John  Bartges

John Lee Bartges

Intelligent, self-made, father, son

John was born curious and thoughtful to a hard-working single mother. At five years old he made reading the newspaper a part of his morning routine. At 14 he began boxing competitively, winning several local tournaments before graduating high school. He overcame poverty and severe trauma as a child, determined to live a life of both contentment and rich experience. He joined the Army and spent most of his free time traveling Europe. After two years of honorable service, he returned to his hometown of Denver Colorado. He became a tradesman, working for public and private organizations before starting his own successful business.
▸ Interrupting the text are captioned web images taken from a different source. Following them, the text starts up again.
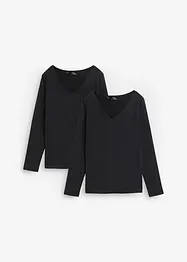 Figurbetontes Langarmshirt (2er Pack), bonprix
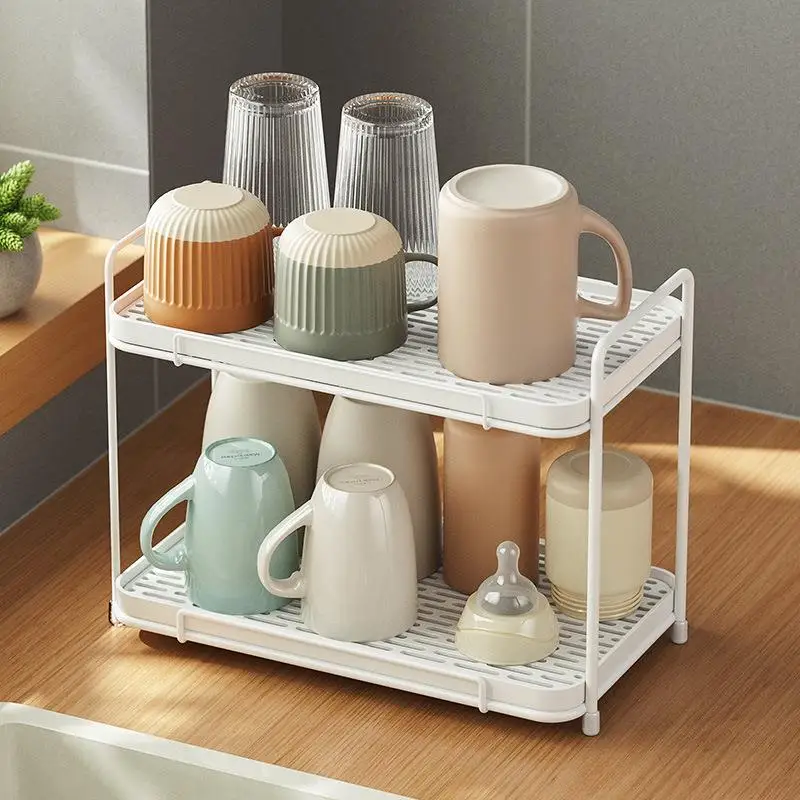 white-cup-holder-rack-japanese-style-drainage-cup-stand-inverted-cup-bracket-storage-rack-tray-desktop-water-cup-organizer
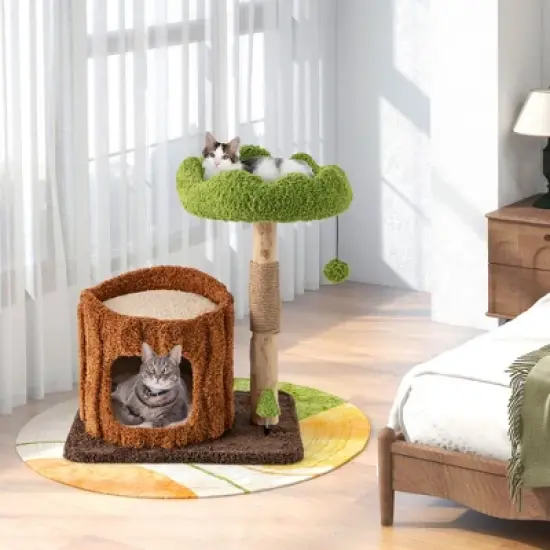 Tangkula Multifunctional Cat Tree w/ Sisal Covered Scratching Posts Top Perch Modern image {2}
John seemed the happiest on warm, peaceful afternoons in the company of a few close friends. He was genuine, humorous, engaging, and sharp-witted. He preferred to communicate with clever jokes and sarcasm. He could intentionally offend you and leave you feeling amused by his delivery. He also held a deep yet private appreciation for beauty. He enjoyed the arts and took time to appreciate the natural beauty of the world around him. His favorite person was his mother who he spoke to on the phone every night.

He also loved and raised two children, dedicated to giving them the love, stability, and opportunities he never had. He was denied a relationship with his third and youngest child until she was a teenager. Because he had grown up without a father, the pain of not being in her life was devastating. After reuniting with her, he quickly worked to build memories and prove to her that she would always be loved and supported.
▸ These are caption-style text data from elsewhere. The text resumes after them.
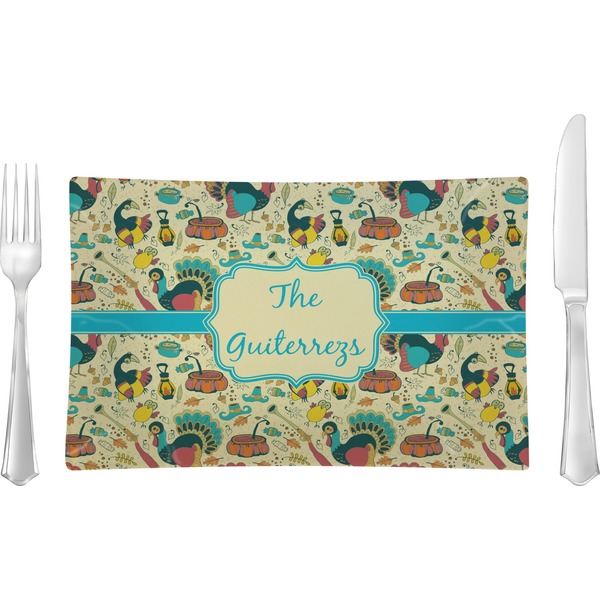 Custom Old Fashioned Thanksgiving Rectangular Glass Lunch / Dinner Plate - Single or Set (Personalized)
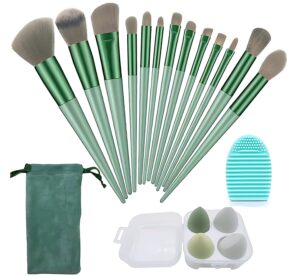 13 pcs Makeup Brushes Set with 4 pcs Beauty Blender Makeup Sponges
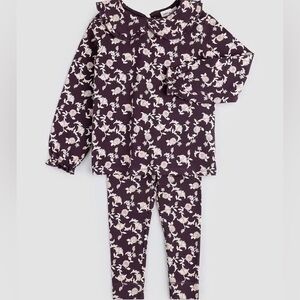 Miles the Label - Vine Print on Plum 2PC Set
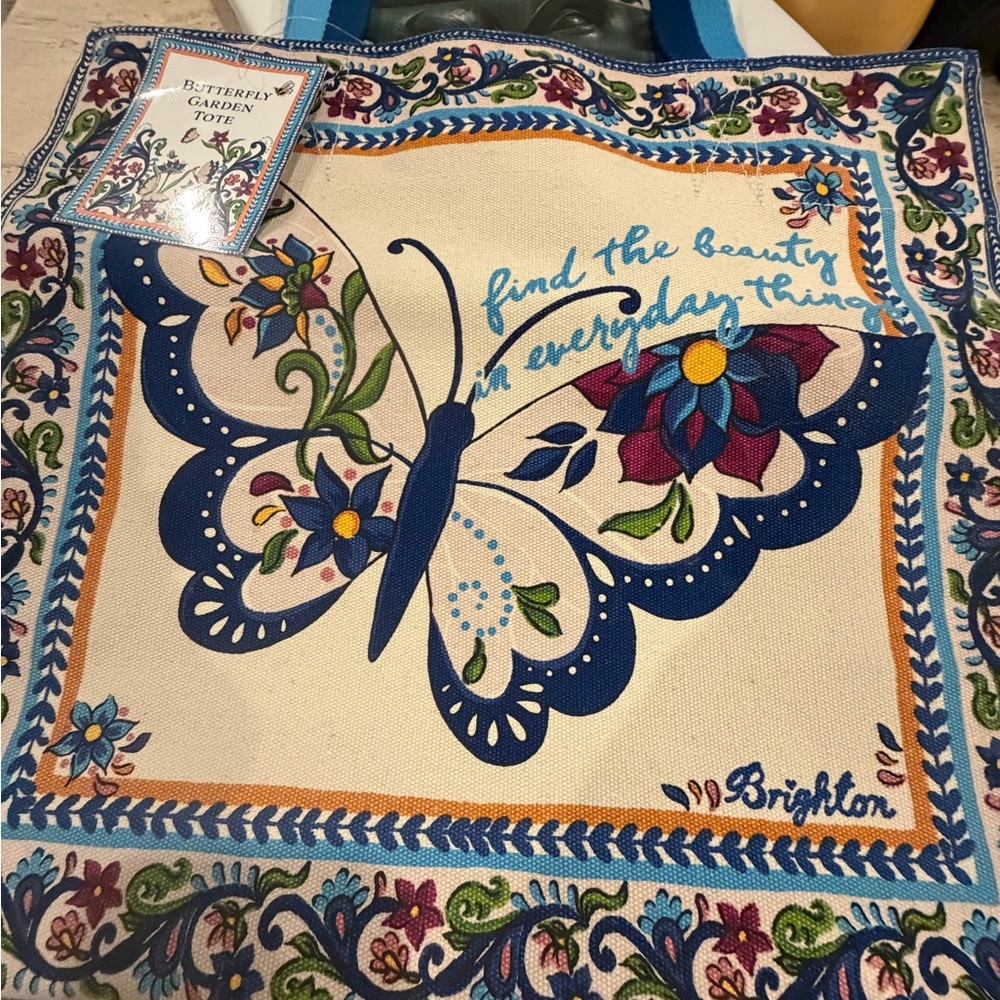 Brighton Butterfly Garden Tote - Blue and Cream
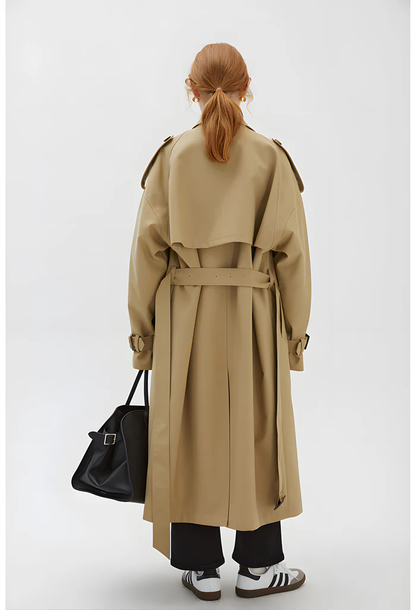 khaki double-breasted trench coat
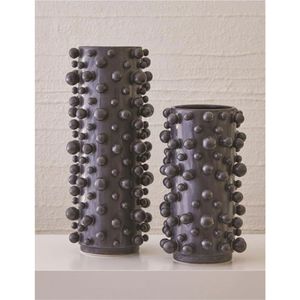 Jarrón de Metal Industrial Hecho a Mano, Diseño Nórdico con Tachuelas, Centro de Mesa Cilíndrico Alto para Bodas, Hoteles, Decoración de Escritorio - Product Image 1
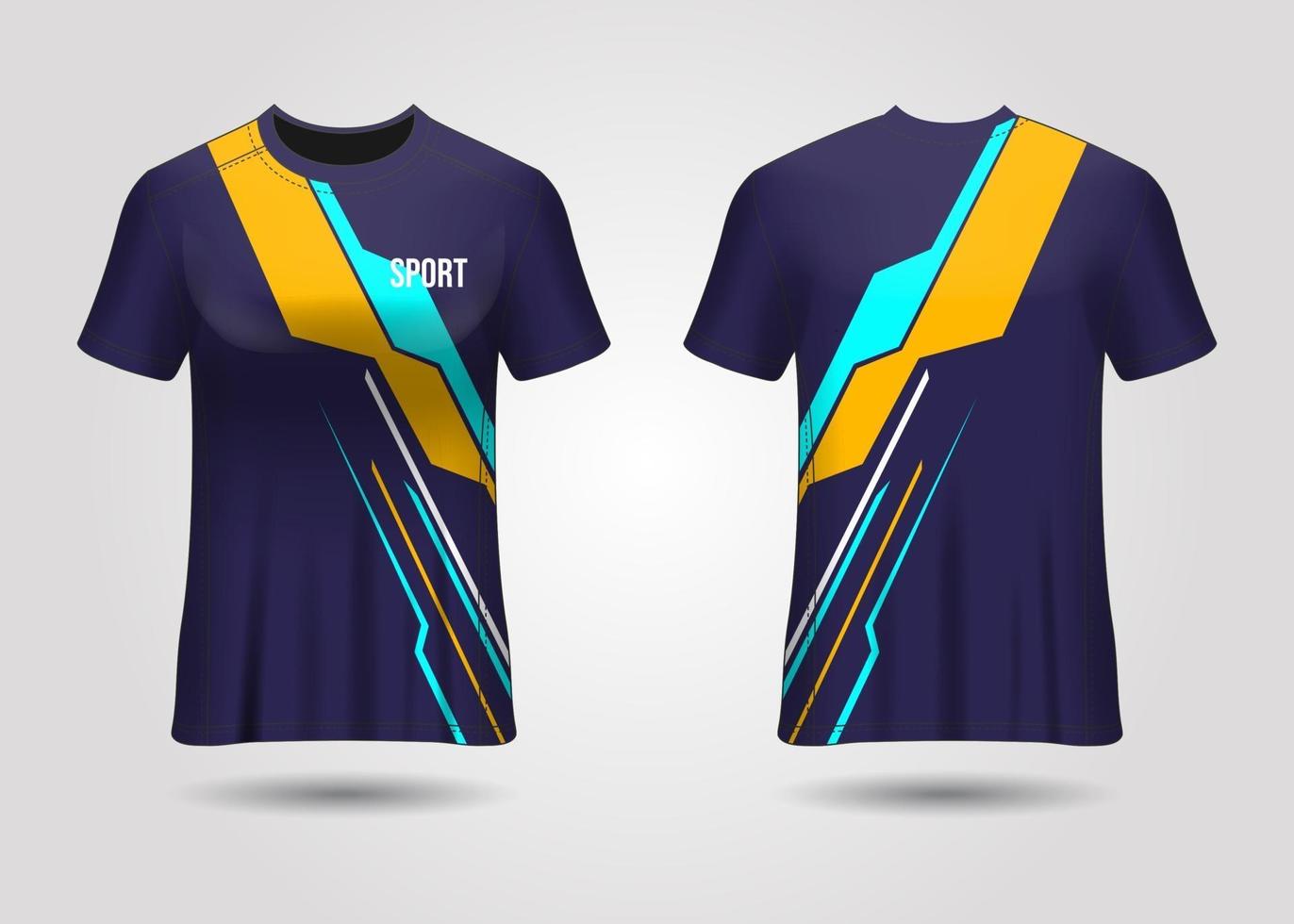 design de esporte de t-shirt. camisa de corrida. vista frontal e traseira uniforme. vetor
He worked hard and with integrity. John was skilled in his trade and he was staunchly honest when conducting business. He would only work for organizations that demonstrated similar values, offering quality and honesty. Although he valued money, he would never sell his dignity or integrity. If a company was disrespectful or dishonest to workers or customers, he would walk away. By keeping a simple yet comfortable lifestyle, he never had to compromise his values. Eventually, he started his own business, which gave him a deep sense of pride.

A nice home for his family, honest work, independence, and porch to enjoy the sunshine and good company; John was proud of the life he built. He defined his success, worked towards it, and was satisfied. However, substance use was his primary way of coping with the pain and trauma he had to overcome. John struggled with addiction for decades, but most people did not recognize the severity of his condition until his body began to deteriorate. His family tried to support him, but they did not completely understand the available treatments or the cognitive changes that he had experienced. We watched in agony as he slipped further away. Cherishing the good moments and coping with the bad. One day he did not greet the sun on the porch with his newspaper and cup of coffee. He was gone.
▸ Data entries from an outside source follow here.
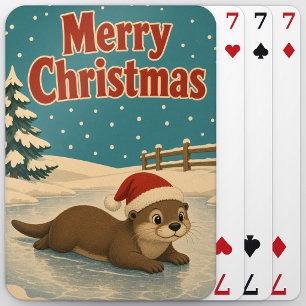 Otter Frozen Yard Animal Weihnachten Spielkarten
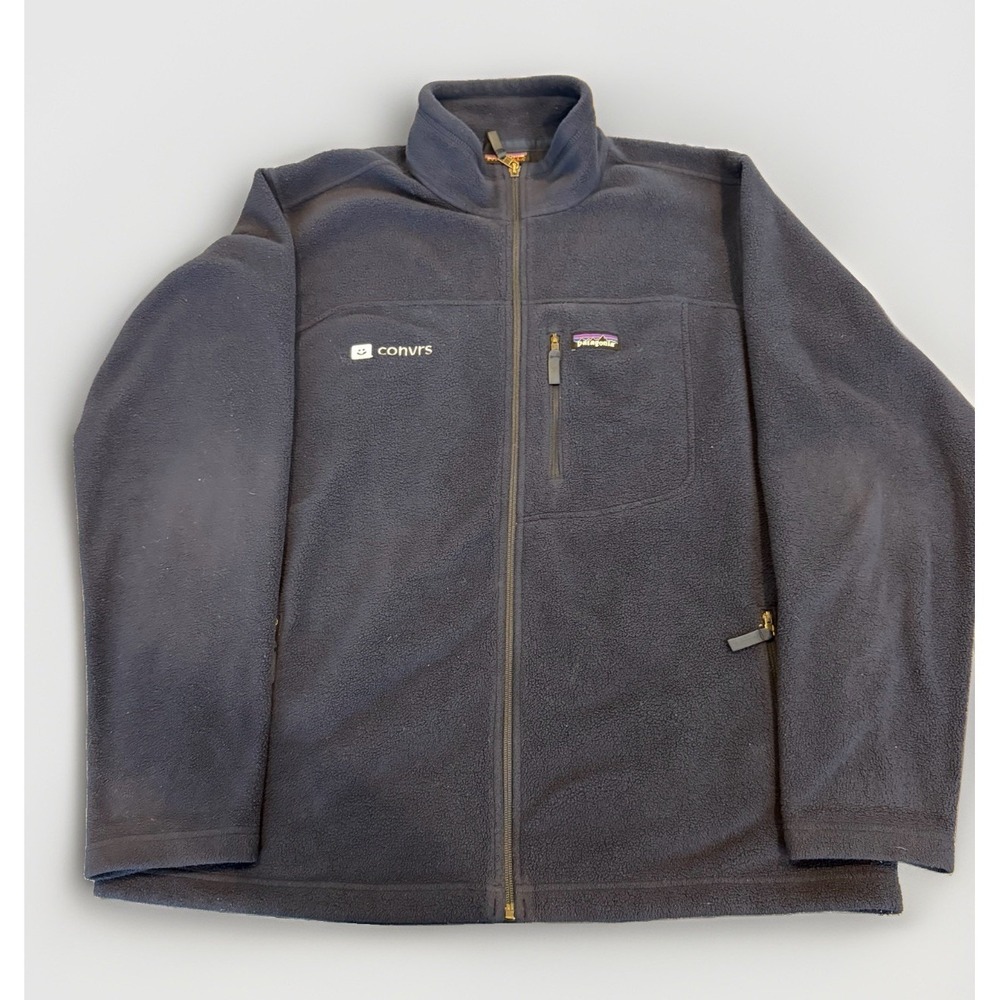 Patagonia Synchilla Fleece Full Zip Mens XL Blue Jacket Logo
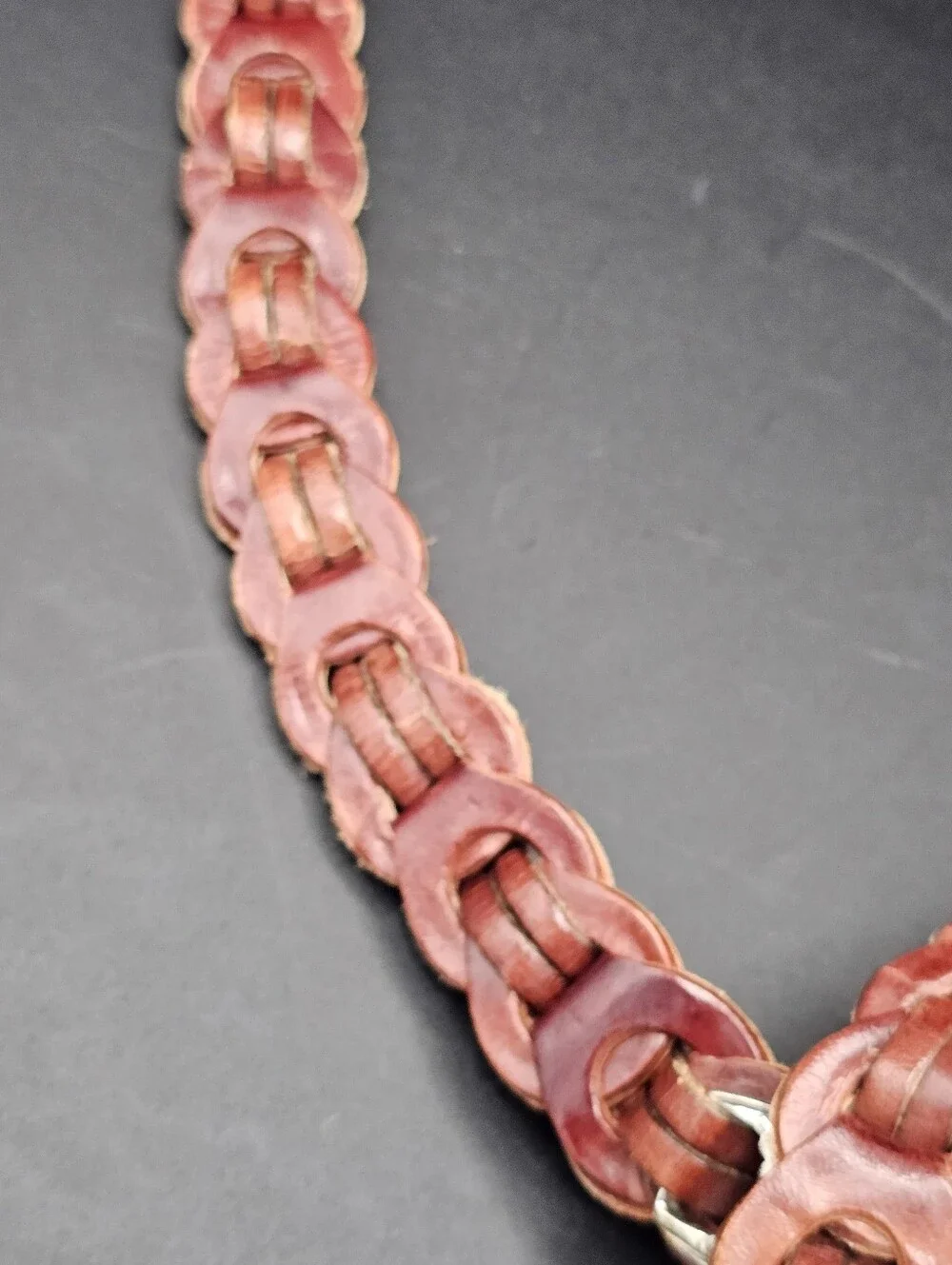 Vtg Capezio Brown Leather Link Belt Western Concho Boho Slip-Braid Belt 90s M/L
The years of struggle and the loss were incredibly painful for my family. My coworkers and friends knew my dad was sick and they wanted to be there, but the stigma of substance use disorder made it difficult for me to talk about it. It was isolating and hopeless for everyone involved. I am no longer feeling shame, I am so proud and grateful to have been raised by this man. I just wish I would have known how to help him when he got sick.